Genetic engineering couldn’t fix poor old Alice’s problem (a missing growth center on her spine because her mother drank or something). It also doesn’t fix personality traits like hate, greed, shyness. It’s too hard to fix flat feet, or oily skin, or pimples. To those who say it’s character building, I say booyah.
A horn outside honks three times, and then a pause, and then again.
“It’s your mom.”
Andrew and I eyeball each other. Fear freezes us both.
“How are we going to get through this tomorrow?” he blurts out. Andrew is not a blurter.
A sudden anxiety spike is making me feel like throwing up. Andrew has gone chalky.
“We have a pinky swear?” he asks.
“Of course. We pinky sweared. I will be there for you, and you will be there for me no matter who we become. We are best friends. Always. No mind melt will blow that out.”
Andrew picks up his coat and opens the door. “I don’t think I can do this.”
“Yes, you can, you will. Besides, with me as another person you might get to the next level.” I try to smile, but Andrew’s face is just breaking my heart.
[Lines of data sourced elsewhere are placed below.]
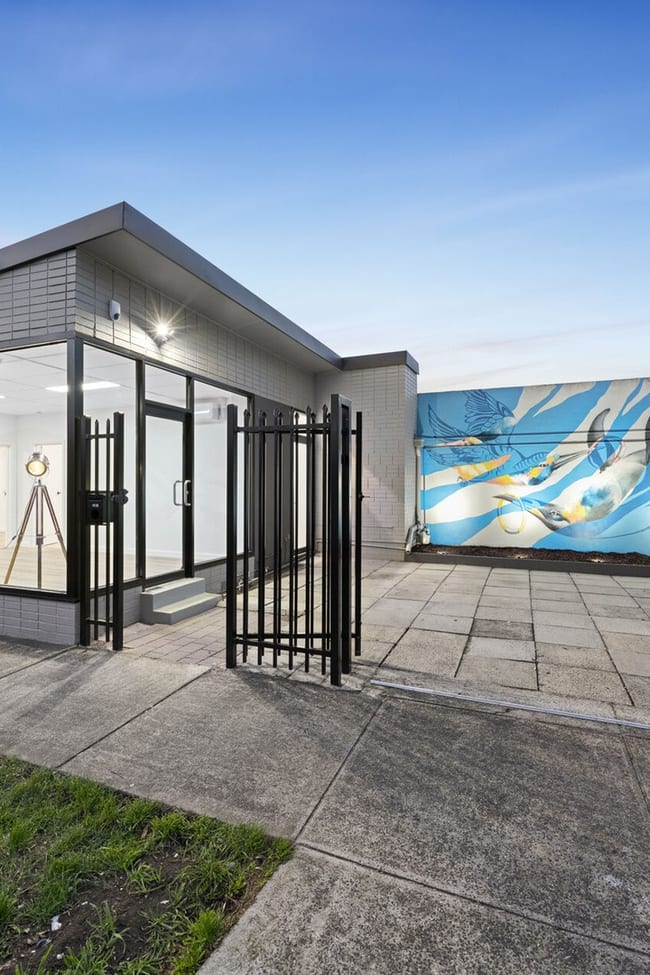 161B Derby Street Pascoe Vale VIC 3044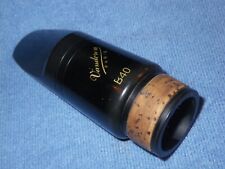 Vandoren b40 bass for sale  Milwaukee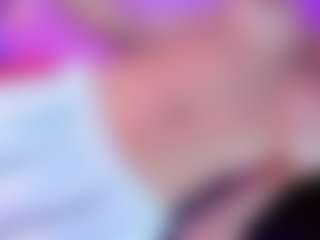 Live cam show with Tiana_leal - Anal Toys on Gym Cam Girls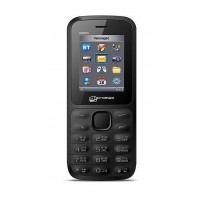 Micromax Joy X1800 Spare Parts & Accessories by Maxbhi.com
I close the door. I inhale the scent of Gran’s living room, the bite of it from old, stuffed furniture, infrequently vacuumed carpets, winter snow-damp and spring mud, with cinnamon on top from all the rice puddings she bakes.
In my bedroom, I cocoon into my old, yellow blankie, with Zee Zee the zebra cuddled against my neck. We are becoming someone else. We don’t get to pick who we are, and we can’t take them off by raising our goggles. I think about tomorrow and wonder if I should be more choosy than usual about what to wear.